### WHAT THE TASK ASKS
Wherever an image appears in the entries, drop it and reproduce everything else exactly.
*** Opening of SUPPLIED MATERIAL ***
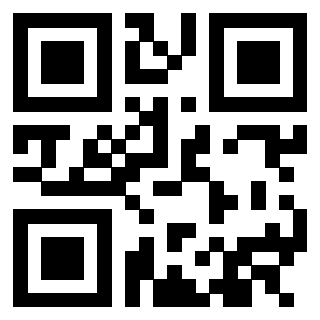 Il QrCode di 3305291146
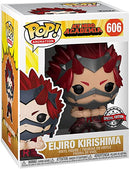 POP! Animation - My Hero Academia -  606 - Eijiro Kirishima - Figure
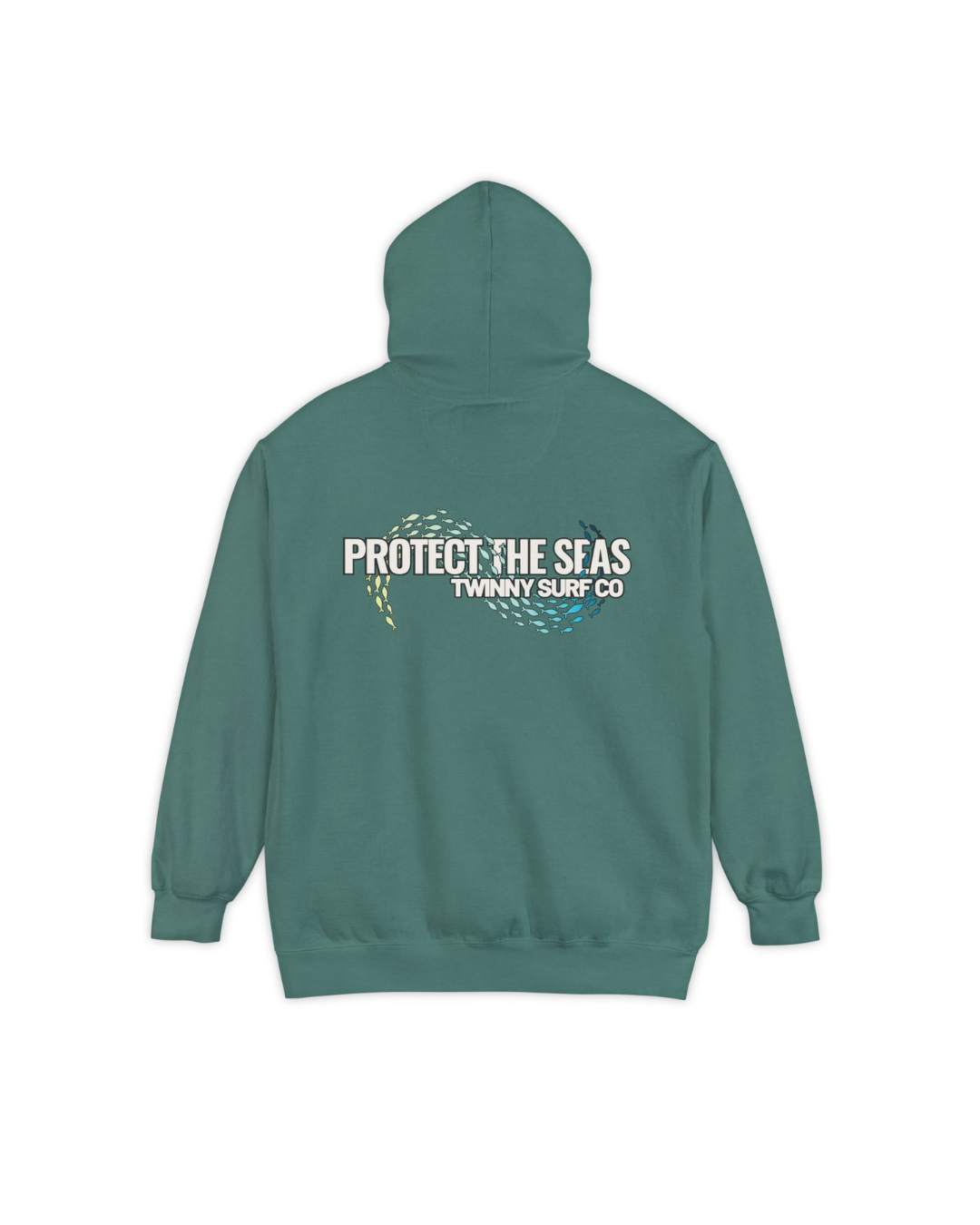 Protect the Seas Hoodie – Twinny Protect the Seas Hoodie – Twinny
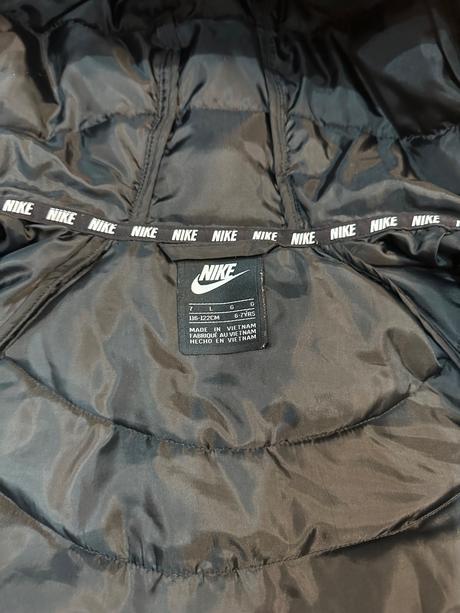 Bunda zn. nike, nike,116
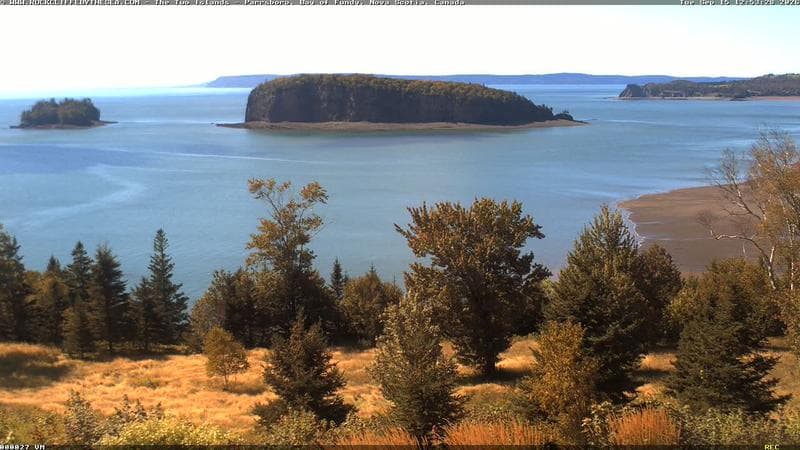 Rockcliffe by the Sea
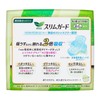 Kao Laurier Slim Guard, For Many Day to Regular Days,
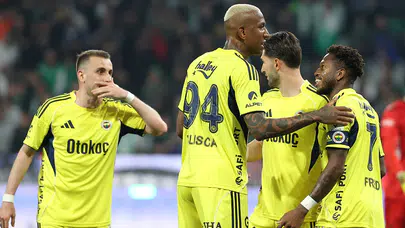 Fenerbahçe'de Eyüpspor mesaisi öncesi revir alarmı: Üç yıldız kadro dışı kaldı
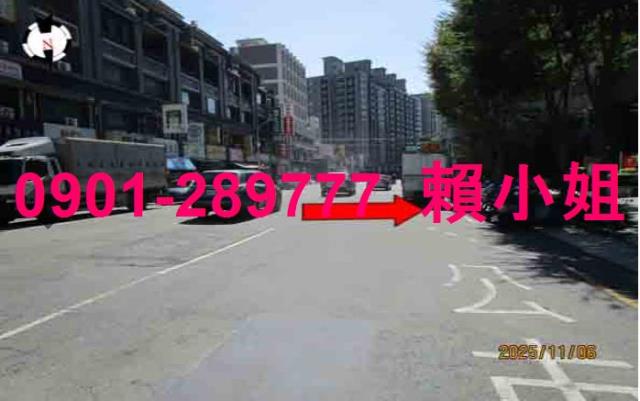 台中南屯法拍大樓-5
*** Close of SUPPLIED MATERIAL ***
### TASK OUTPUT
 Il QrCode di 3305291146
 POP! Animation - My Hero Academia -  606 - Eijiro Kirishima - Figure
 Protect the Seas Hoodie – Twinny Protect the Seas Hoodie – Twinny
 Bunda zn. nike, nike,116
 Rockcliffe by the Sea
 Kao Laurier Slim Guard, For Many Day to Regular Days,
 Fenerbahçe'de Eyüpspor mesaisi öncesi revir alarmı: Üç yıldız kadro dışı kaldı
 台中南屯法拍大樓-5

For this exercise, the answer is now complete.